The following day, Chattajack Eve, I rolled off the couch, literally, and quietly sat on the rear deck watching the sunrise. This would be the last the sun would shine during our stay and was my first look at the Tennessee River without the darkness. It was a crisp fall morning and flocks of turkey vultures soared overhead. The white underside of their wingtips were easily noticeable as they passed overhead and later converged on the peak of the haunted Hale’s Bar Dam building. The goal for the day was to spend more time on the 14’x24” One Edge SUP that I rented earlier in the week from Capital SUP, select a fin, and drop off the board at the start line in Chattanooga. Ordinarily, I would just focus on a few short efforts and limit my paddling until race day. However, I only had fifteen minutes on the board and needed to try and familiarize myself with its narrowness. After thirty minutes on calm flat waters, I was relatively sure which fin I was going to use and slightly more familiar with the board.

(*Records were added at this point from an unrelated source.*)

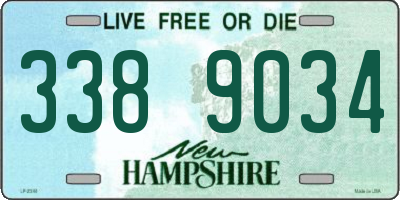 NH license plate 3389034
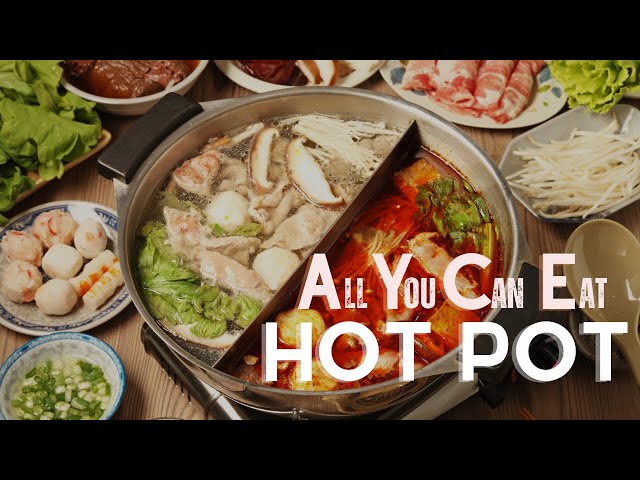 How Much Can My Hawaiian Husband Eat: AYCE Hot Pot / Shabu Shabu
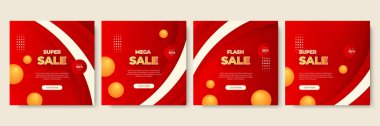 Vector Illustration Promotion Big Super Sale Banner. Discount Design For Newsletter, Poster, Social Media Template, Ads, Black Friday, Special Offer, Summer Sale, Spring Sale, Online Shopping, And Web
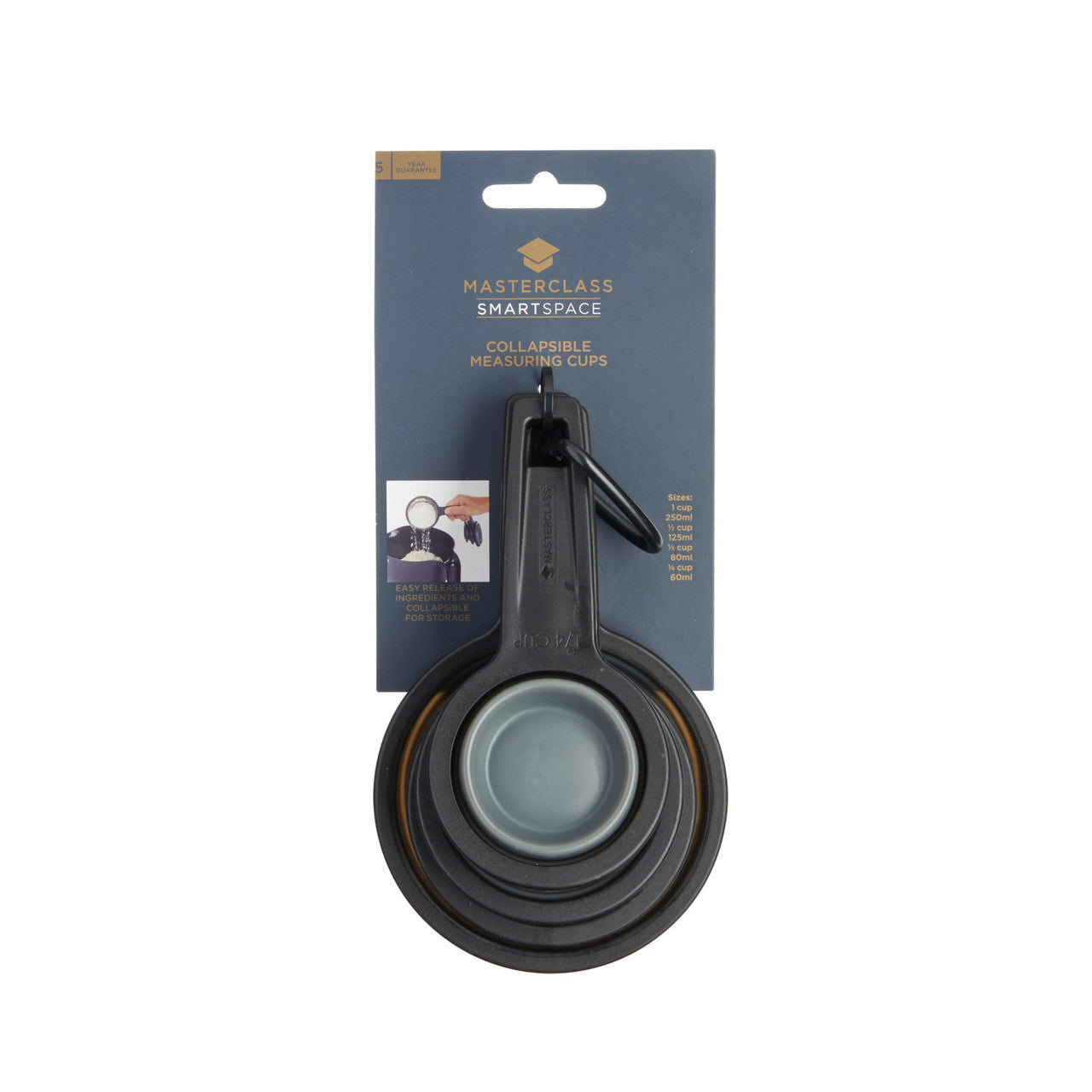 MasterCraft Smart Space Collapsible Measuring Cup Set of 4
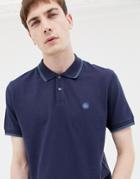 Pretty Green Tipped Polo In Navy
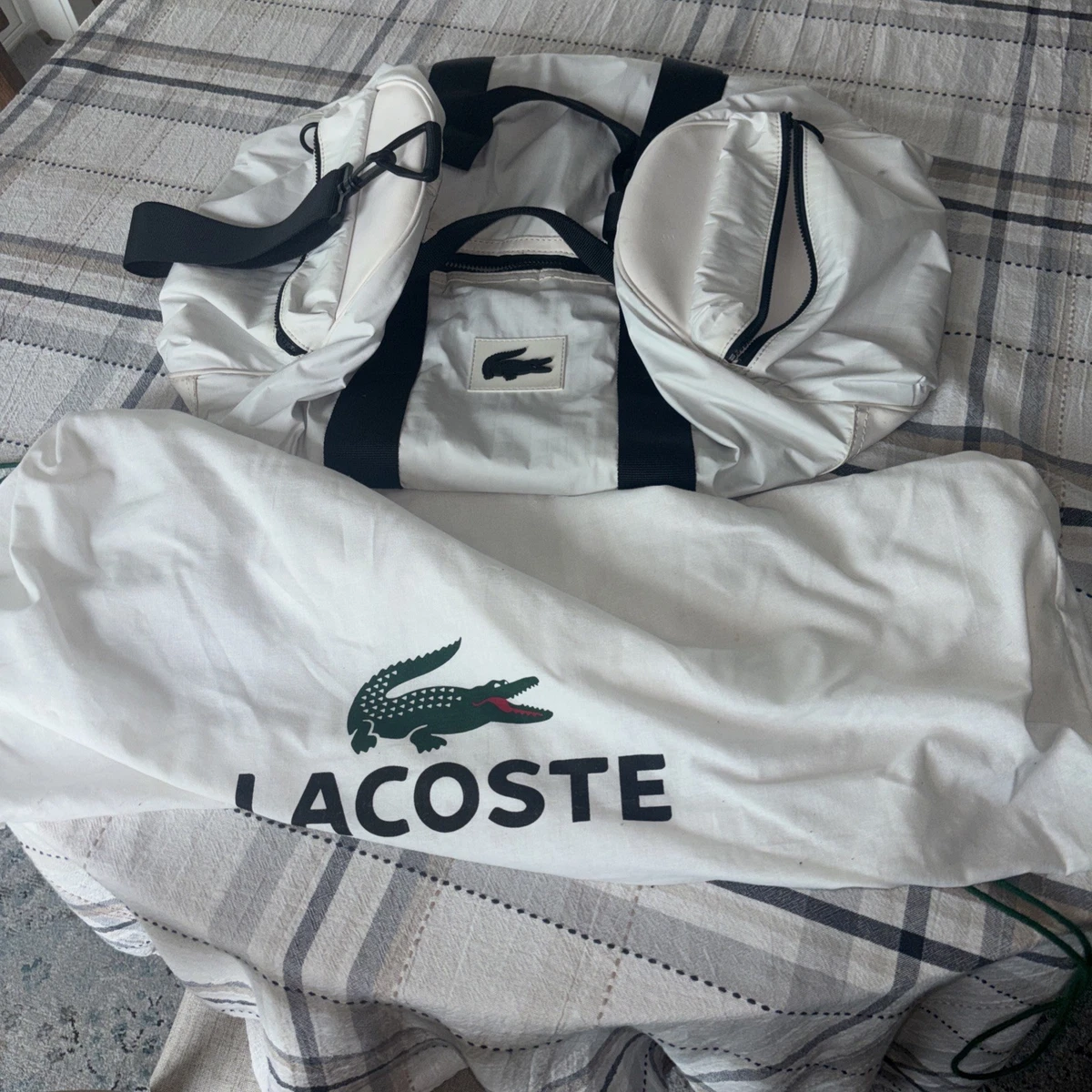 Lacoste White Bags for Men for sale | eBay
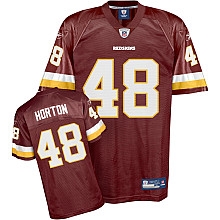 NFL washington redskins 48# chris horton red color jersey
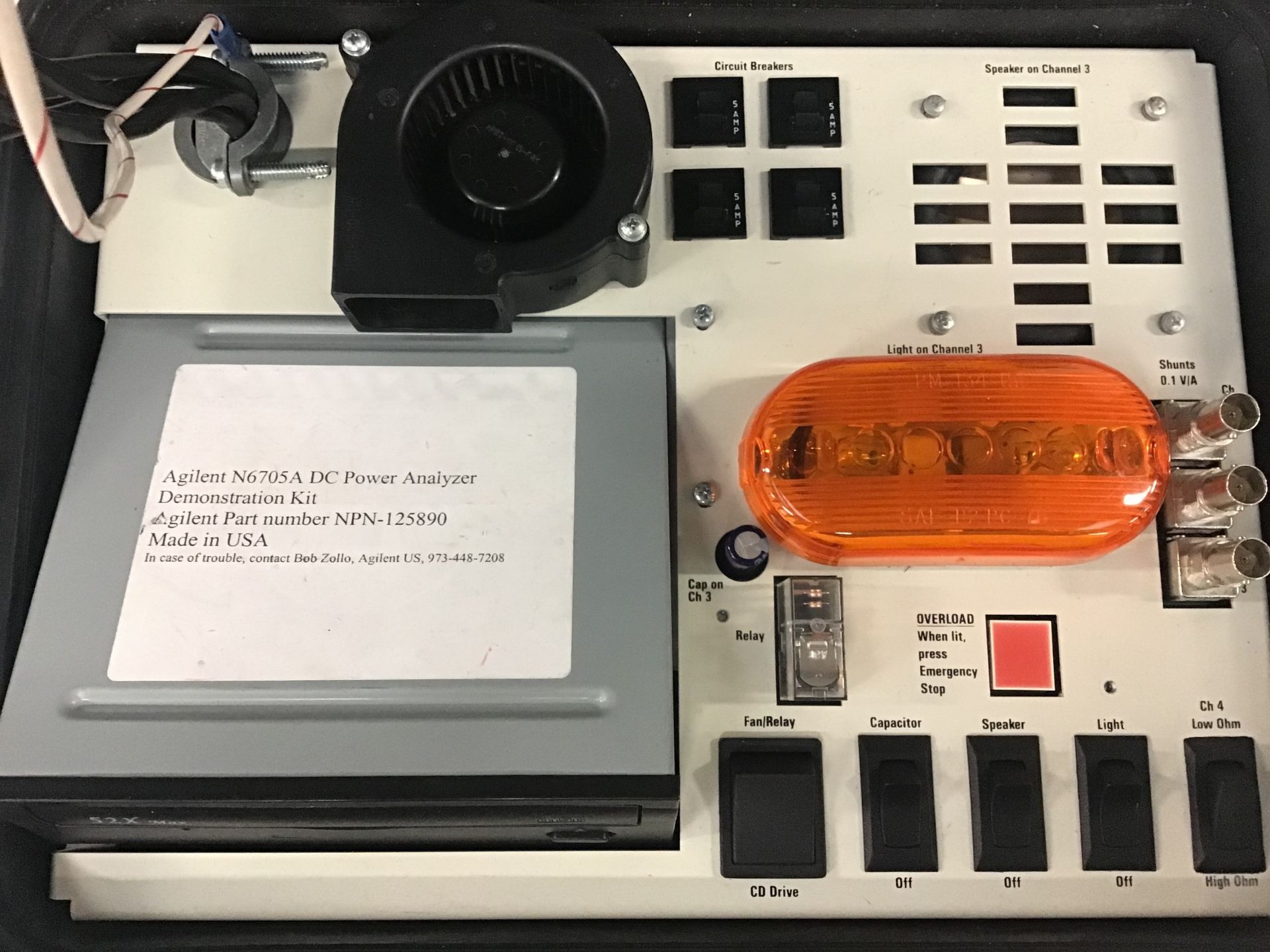 Agilent N6705A DC Power Analyzer (Demonstration Unit) . Found here in original case. - Image 2 of 2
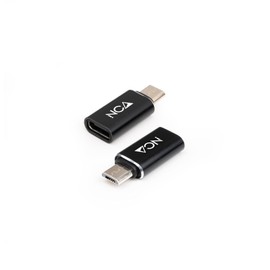 NANOCABLE 10.02.0014 – Micro USB to USB-C Adapter, Micro B Male to USB-C Female, Black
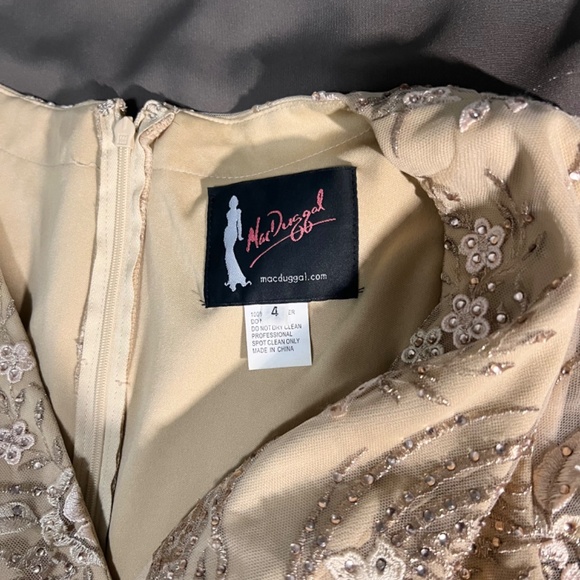Mac Duggal champagne midi gown - Picture 5 of 5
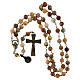 Bronze-coloured rosary with 0.31 in crazy agate beads s4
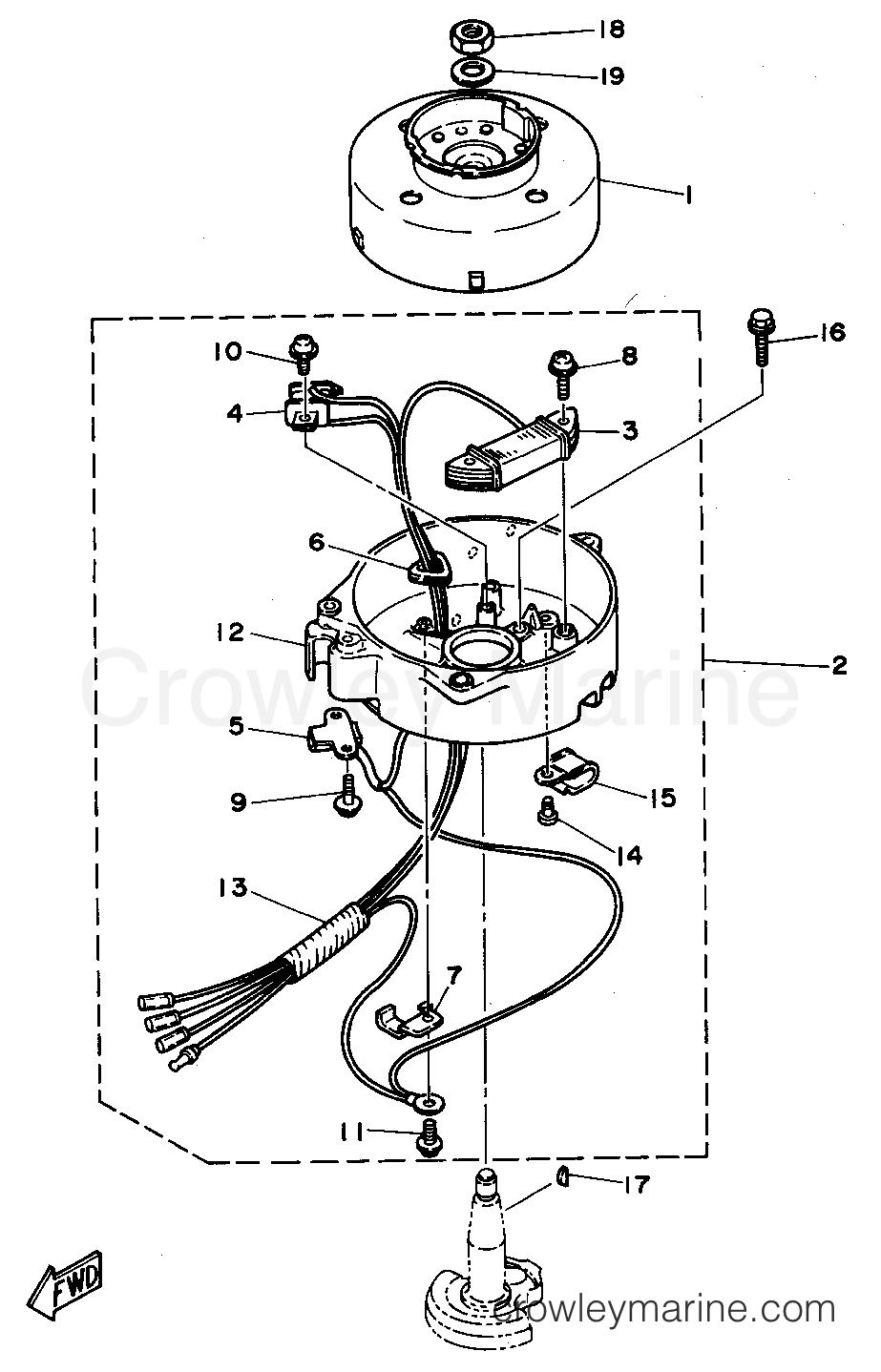 Yamaha Motors 3MLHT - GENERATOR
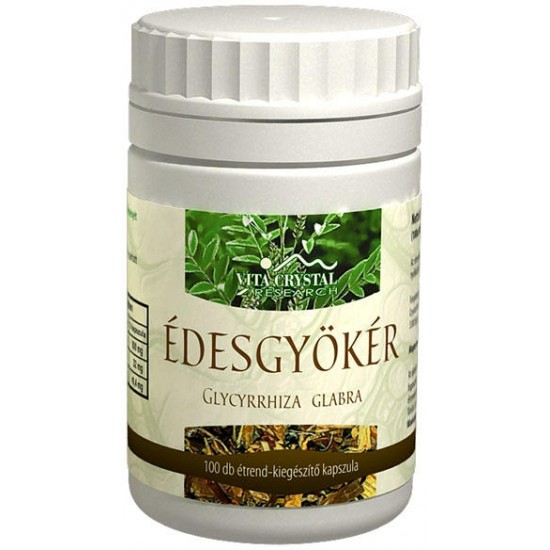 Vita Crystal Édesgyökér Kapszula 100 db Vita Crystal Édesgyökér Kapszula 100 db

It was mid-day when we loaded boards and made the forty-minute trip into downtown Chattanooga. The basecamp area wasn’t too crowded when we arrived. There was the typical pre-race day vendor presence and the not so typical boat-towed SUP foiler hovering around the waterway. We offloaded boards, secured them to the ground with tent stakes & rope (forecast 30+mph wind gusts), and registered. I caught up with some old friends and we walked to dinner a few blocks away. It was a nice change of pace to sit down and share a meal with the Capital SUP crew. We laughed and smiled a lot and soaked up a little downtown culture before returning to Hale’s Bar.
Oh, what a night! As forecasted, the wind and rain started. With each gust of wind, the floating cabin, which was sandwiched on two sides by docks, would rhythmically slam against the boards as waves of heavy rain pelted the tin roof. Fielding, the acting dock master, made some adjustments to the anchor lines in the attempt to control the rocking. At first, this seemed to help, but it was no match for the increasing wind speeds. At this point, I was just excited that we had our own cabin and no more fold-out couch.
It was dark and rainy race morning when we departed for Chattanooga on the shuttle bus. There were distinct sounds of carbon paddles clanking together when we loaded and the bus windows were fogged with condensation from the heat blasting from the floor registers. The mood was a cross between early rising chit-chatters and the quiet I’m-still-trying-to-sleep type. I could see the silhouette of the bridge at the race start line in the background as we arrived at basecamp.
I was ready to race. I was confident in my clothing choice and nutrition. However, I was uncertain how I would handle the board given the change in conditions. There was a stiff headwind with considerable texture and chop to the water. At thirty minutes until start time racers started lining up to enter the water. It seemed unnecessary to be in the water too early, so I stalled and entered the water with fifteen minutes until race start. I entered the water and paddled upstream past the start line. I vaguely heard a four-minute warning and proceeded downstream to the start line. The wind was pushing us upstream, but the current under the bridge span was drawing us the opposite direction. So I was unable to stay at the start line without back paddling and possibly falling in the water. Just as I turned and faced upstream, there was a vague audible sound and some confusion. Then I heard someone say, “I guess that was the start.” Nearly everyone under the span was facing the wrong way and quickly about-faced and started the race.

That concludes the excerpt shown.